Homecoming & PTSD, Part 2

Updated: Apr 21, 2023

Part Two of Earlier Email By KC Walpole (reprinted with his permission): Greetings:

There is a second and if you will, a mechanistic part of the equation that I am not sure if I can surface it in an accurate or compelling way but want to bring it up as an essential part of the equation.

In the last decade, there has been an incredible amount or research on the brain. Dr. Austen in his book Zen and the Brain and Dr. Schwartz in his book the Mind and the Brain have done incredible jobs in translating that research into both meaningful applications as far as it reinforces the dynamics associated with the practice of meditation. Of particular note is Dr. Schwartz’s development of a four step process in the treatment of OCD without the use of drugs and an 80 percent success rate.

The mechanistic problem as I see it is that if a person spends a year or more in a county jail or state prison their brain is radically altered not only by a dysfunctional thought process required for their survival but by the brain being marinated by the flow of cortical and adrenalin. You could say that the brain is being rewired, memory is being destroyed or disconnected at best and the primal brain goes unchecked with the frontal cortex become isolated from any part of the rational thought process. I suspect that we are in the process of creating dumber society that will become increasingly dysfunctional in the generations to come.

My own sense is that after a year or so, the ex-offender that leaves prison becomes frustrated beyond belief at the inability to function in the “normal” world and either goes back to drugs, alcohol or alternative life styles. The people that may have been there to support them have also become frustrated because the person they may have known or loved is not there anymore.

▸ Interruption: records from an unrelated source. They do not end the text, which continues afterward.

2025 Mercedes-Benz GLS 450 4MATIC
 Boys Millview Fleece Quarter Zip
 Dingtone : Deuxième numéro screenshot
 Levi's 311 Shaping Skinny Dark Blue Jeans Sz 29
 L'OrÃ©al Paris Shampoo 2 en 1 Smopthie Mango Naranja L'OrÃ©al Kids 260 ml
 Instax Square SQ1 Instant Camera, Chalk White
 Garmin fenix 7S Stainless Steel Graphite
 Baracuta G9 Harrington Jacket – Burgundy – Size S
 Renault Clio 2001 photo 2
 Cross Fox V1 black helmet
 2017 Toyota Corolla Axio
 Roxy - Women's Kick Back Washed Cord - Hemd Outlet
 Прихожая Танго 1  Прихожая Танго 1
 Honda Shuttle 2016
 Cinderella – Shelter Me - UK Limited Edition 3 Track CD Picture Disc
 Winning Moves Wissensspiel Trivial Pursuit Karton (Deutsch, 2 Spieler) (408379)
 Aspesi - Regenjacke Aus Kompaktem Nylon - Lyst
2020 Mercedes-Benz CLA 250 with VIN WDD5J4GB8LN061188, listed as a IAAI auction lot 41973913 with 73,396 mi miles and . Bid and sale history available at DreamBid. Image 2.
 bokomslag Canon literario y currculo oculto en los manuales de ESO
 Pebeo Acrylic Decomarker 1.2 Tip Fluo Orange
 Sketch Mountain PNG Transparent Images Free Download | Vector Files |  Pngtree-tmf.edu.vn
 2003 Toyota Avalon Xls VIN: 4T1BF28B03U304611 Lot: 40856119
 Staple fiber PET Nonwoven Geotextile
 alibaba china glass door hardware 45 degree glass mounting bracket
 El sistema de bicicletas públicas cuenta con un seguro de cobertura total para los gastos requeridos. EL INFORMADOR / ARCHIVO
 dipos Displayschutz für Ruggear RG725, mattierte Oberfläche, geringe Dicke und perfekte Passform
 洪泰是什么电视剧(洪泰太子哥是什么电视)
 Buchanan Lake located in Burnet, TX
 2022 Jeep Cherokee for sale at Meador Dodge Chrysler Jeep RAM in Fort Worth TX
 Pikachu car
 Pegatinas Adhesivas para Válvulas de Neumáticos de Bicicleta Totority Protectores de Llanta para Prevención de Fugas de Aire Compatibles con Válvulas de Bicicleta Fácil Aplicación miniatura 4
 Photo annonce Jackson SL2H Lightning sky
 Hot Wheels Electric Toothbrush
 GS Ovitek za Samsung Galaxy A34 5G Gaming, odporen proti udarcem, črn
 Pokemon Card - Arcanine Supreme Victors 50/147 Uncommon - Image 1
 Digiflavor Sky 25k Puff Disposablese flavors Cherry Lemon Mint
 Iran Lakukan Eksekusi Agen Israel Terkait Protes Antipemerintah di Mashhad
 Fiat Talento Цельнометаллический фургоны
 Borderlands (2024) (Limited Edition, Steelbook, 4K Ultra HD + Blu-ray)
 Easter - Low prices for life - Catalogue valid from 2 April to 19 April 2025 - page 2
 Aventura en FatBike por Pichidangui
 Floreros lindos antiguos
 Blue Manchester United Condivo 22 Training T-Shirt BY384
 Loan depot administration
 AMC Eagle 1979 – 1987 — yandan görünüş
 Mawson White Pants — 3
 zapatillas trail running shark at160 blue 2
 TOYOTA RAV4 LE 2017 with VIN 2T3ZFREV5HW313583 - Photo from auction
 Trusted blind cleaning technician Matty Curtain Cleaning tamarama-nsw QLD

All of which is true. The brain has been rewired and the mind has adapted to the rewiring. As prisons become increasingly crowded, the staffs become less and less trained, programs become less and less, chapel space becoming smaller and smaller there will be an increasing spiral downward in what I would call the emotional dumping down of a significant portion of the population.

If this was the true extent of it, I would say the problem would go away in a generation. However, there is another trend I see in the interviews I have done as a part of the retreat process. At a conservative estimate there have been over 1,000 of these with it rather equally divided between men and women. The number of inmates that have had parents or a significant influence that has been in the military be it WW II, Korea or Vietnam and on the other hand been to prison is big. I put it at least 50 percent. Then the number of inmates that have siblings doing time is also amazing.

I have seen entire families in prison and in one case have seen three generations of women in the same prison. My sense is that Dr. Schwartz’s 4 step process (which has a great tinge of secular meditation) has a great potential as an application to teach as a process to restructure the mind. However, when we talk of restructuring the mind it conjures up 1984 and a host of brain washing type garbage.

And that is the other half of what has been sitting on my mind. Look forward to some feedback on where we might take this. Do good and take care.